Name of Product: ¼” Oval Roll-up Blinds and Woolrich Roman Shades
Units: About 4.2 million roll-up blinds and 600,000 Roman shades
Importer: Lewis Hyman Inc., of Carson, Calif.
Hazard: Roll-up Blinds: Strangulations can occur if the lifting loops slide off the side of the blind and a child’s neck becomes entangled on the free-standing loop or if a child places his/her neck between the lifting loop and the roll-up blind material.
Roman Shades: Strangulations can occur when a child places his/her neck between the exposed inner cord and the fabric on the backside of the blind or when a child pulls the cord out and wraps it around his/her neck.

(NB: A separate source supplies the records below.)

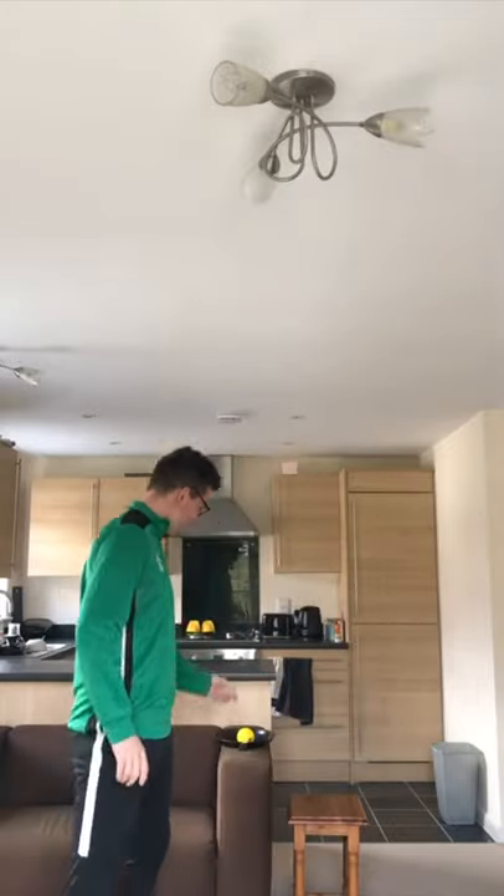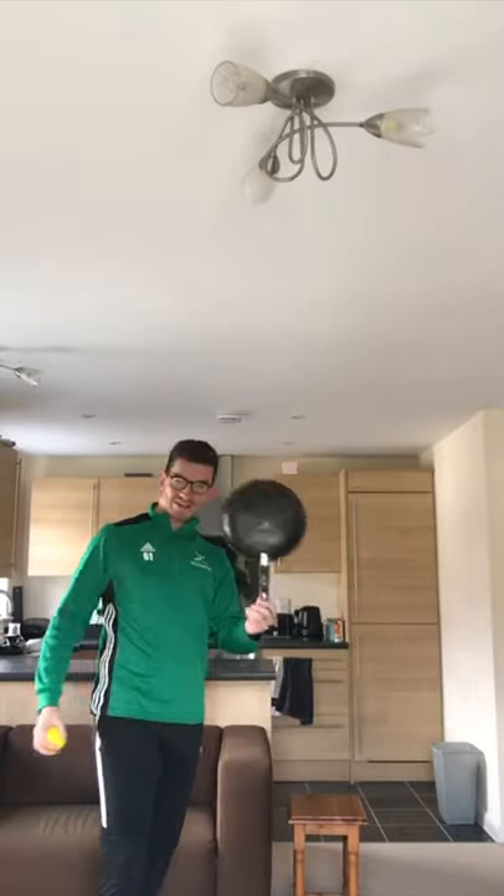Hi guys, it's Joss from Paysetters and I'm back again to do some more tennis skills. Last time we used the frying pan as our tennis racket, because some people might not have access to tennis rackets at their house — they might have left them in schools or elsewhere where we can't go out at the moment. So this is still a really creative way to use it as a tennis racket.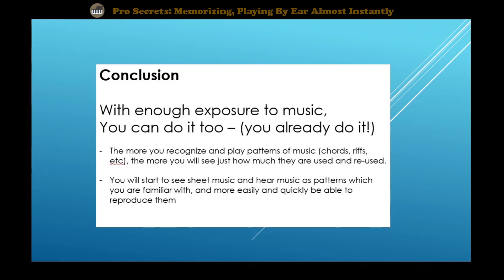Study chords, study left-hand patterns, practice them, reuse them, and master the chords and the patterns, and you'll be able to reproduce songs. Your hands will get more independent. You'll be able to reproduce them on the spot sometimes, much quicker than you could before. So I hope you can take something from this.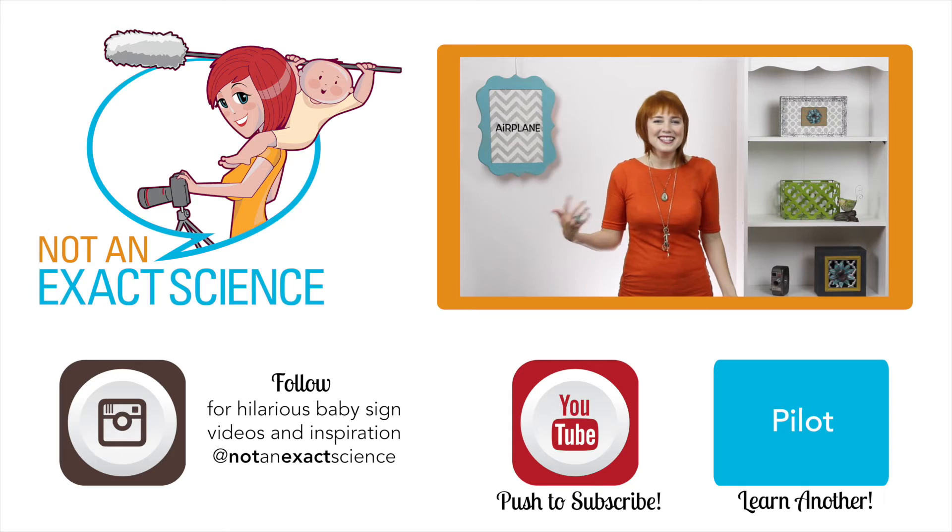Or if your baby has a toy airplane, they can ask for that toy airplane. So whenever you give it to your baby, you can say, here's your airplane. As you're consistent, your baby will start to make the association and then start signing.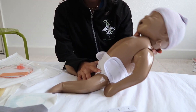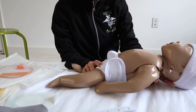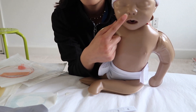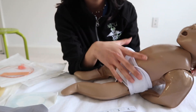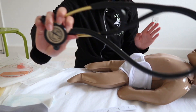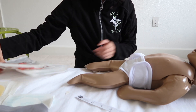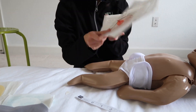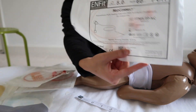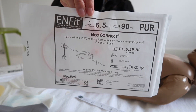Welcome back to another episode of Tiny Tips with Tiff. In this one we're going to learn how to insert an NG or OG. My baby mannequin doesn't have holes in the nares for an NG, but the process is fairly similar for an OG. First, let's go through all the supplies you'll need: your stethoscope, a paper measuring tape, and the different types of OGs which vary by size. This one is a 5 French.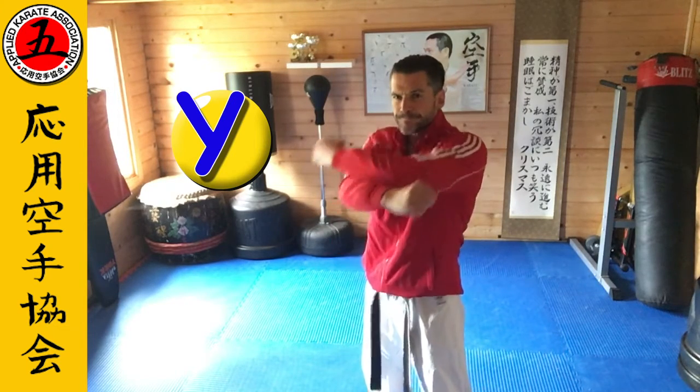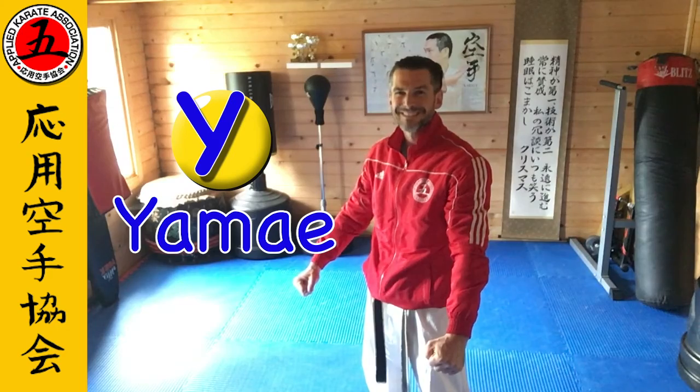Y is for Yame. Bring it back to the day job — Yame. Peace.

Incidents/Injuries: In November 2007, a 1-year-old boy from Norridgewock, Maine became entangled and strangled in the lift cord loop of a roll-up blind that had fallen into his portable crib. In October 2008, a 13-month-old boy from Conway, Ark. was found with his head between the exposed inner cord and the cloth on the backside of a Roman shade. The cord was not looped around the boy’s neck but rather ran from ear to ear and strangled the child.
Description: This recall involves roll-up blinds without release clips (see picture below) and all Woolrich Roman shades. The roll-up blinds have plastic oval-shaped slats that measure about ¼ inch tall. The blinds measure either 72” or 96” long. The bottom rail has a WARNING label advising that “Young children can become entangled and strangle in cord or bead loops” and a label that reads “Lewis Hyman, Inc.” and the year of manufacture. Roll-up blinds that have release clips right below the head rail on the backside of the blind are not included in this recall.
The Woolrich Roman shades come in twill fabric and micro-suede fabric and measure 72” long. The head rail has two labels that read “Lewis Hyman, Inc., www.lewishymaninc.com” and “LHI, 005301, Made in China” respectively.
Sold at: The Roman shades were sold exclusively at Target stores nationwide and on Target.com from March 2006 through December 2008 for between $25 and $43. The roll-up blinds were sold at retail stores nationwide from January 1999 through December 2003 for between $6 and $20.
Manufactured in: China
Remedy: Consumers should immediately check the backside of the roll-up blinds to determine if they have release clips. If the roll-up blind does not have release clips, stop using it immediately and contact Lewis Hyman for a free repair kit.
Consumers should immediately stop using the Roman shades and contact Lewis Hyman for a free repair kit. The repair kits for the Roman shades will be available by the end of September.
Consumer Contact: For additional information, contact Lewis Hyman toll-free at (877) 354-5457 between 8 a.m. and 5 p.m. PT daily, or visit the firm’s Web site at www.lewishymaninc.com
Note: CPSC reminds consumers to examine all Roman Shades and Roll-up blinds in their homes. If looped pull cords, exposed inner cords, or exposed lifting loops are found and children are in the home or occasionally visit your home, please consider replacing the blinds or shades with products that do not have exposed pull cords or inner cords.
The U.S. Consumer Product Safety Commission is charged with protecting the public from unreasonable risks of injury or death associated with the use of
thousands of types of consumer products under the agency’s jurisdiction. Deaths, injuries, and property damage from consumer product incidents cost the
nation more than $1 trillion annually. CPSC is committed to protecting consumers and families from products that pose a fire, electrical, chemical or
mechanical hazard. CPSC's work to help ensure the safety of consumer products - such as toys, cribs, power tools, cigarette lighters and household
chemicals -– contributed to a decline in the rate of deaths and injuries associated with consumer products over the past 40 years.